#### 1.0 SAS statements and procs in this unit

proc ttest |
t-tests, including one sample, two sample and paired |

proc freq |
Used here for chi-squared tests |

proc reg |
Simple and multiple regression |

proc glm |
Used here for ANOVA models |

proc logistic |
Logistic regression |

proc npar1way |
Non-parametric analyses |

proc univariate |
Used here for signrank tests |

#### 2.0 Demonstration and explanation

#### 2.1 Chi-squared test

Below we use **proc freq** to perform a chi-squared test (**chisq**) and to show the expected frequencies (**expected**) used to compute the test statistic.

proc freq data=in.hs1; table prgtype*ses / chisq expected; run;

#### 2.2 T-tests

This is the one-sample t-test, testing whether the sample of writing scores was drawn from a population with a mean of 50.

proc ttest data=in.hs1 H0=50; var write; run;

This is the paired t-test, testing whether or not the mean of **write** equals the mean of **read**.

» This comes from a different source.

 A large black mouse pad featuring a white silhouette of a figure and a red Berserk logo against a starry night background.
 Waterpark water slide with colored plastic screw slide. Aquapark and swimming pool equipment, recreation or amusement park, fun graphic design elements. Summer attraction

proc ttest data=in.hs1; paired write*read; run;

This is the two-sample independent t-test. The output includes the t-test for both equal and unequal variances. The **class **statement is necessary in order to indicate which groups/categories are to be compared on the mean of **write**.

proc ttest data=in.hs1; class female; var write; run;

#### 2.3 ANOVA

SAS has a procedure called **proc anova**, but it is only used when there are an equal number of observations in each of the ANOVA cells (which is called a balanced design). ** Proc glm** is a much more general procedure that will work with any balanced or unbalanced design (unbalanced meaning an unequal number of observations in each cell).

In this example we are using **proc glm** to perform a one-way analysis of variance. As with **proc ttest, **the **class **statement is used to indicate that **prog** is a categorical variable. We use the **ss3** option to indicate that we are only interested in looking at the Type III sums of squares, which are the sums of squares that are appropriate for an unbalanced design.

proc glm data=in.hs1; class prog; model write=prog / ss3; run; quit;

Here **proc glm** performs an analysis of covariance (ANCOVA). In this example, **prog** is the categorical predictor and **read** is the continuous covariate.

proc glm data=in.hs1; class prog; model write = read prog / ss3; run; quit;

#### 2.4 Regression

In this example we will demonstrate how to set-up a Ordinary Least Squares (OLS) regression model. **Proc reg **is a very powerful and versatile procedure. In the following examples we will illustrate just a few of the many uses of**proc reg** . *Note* that this command does not support a **class **statement. If you need to specify a variable as categorical, use** Proc glm **instead.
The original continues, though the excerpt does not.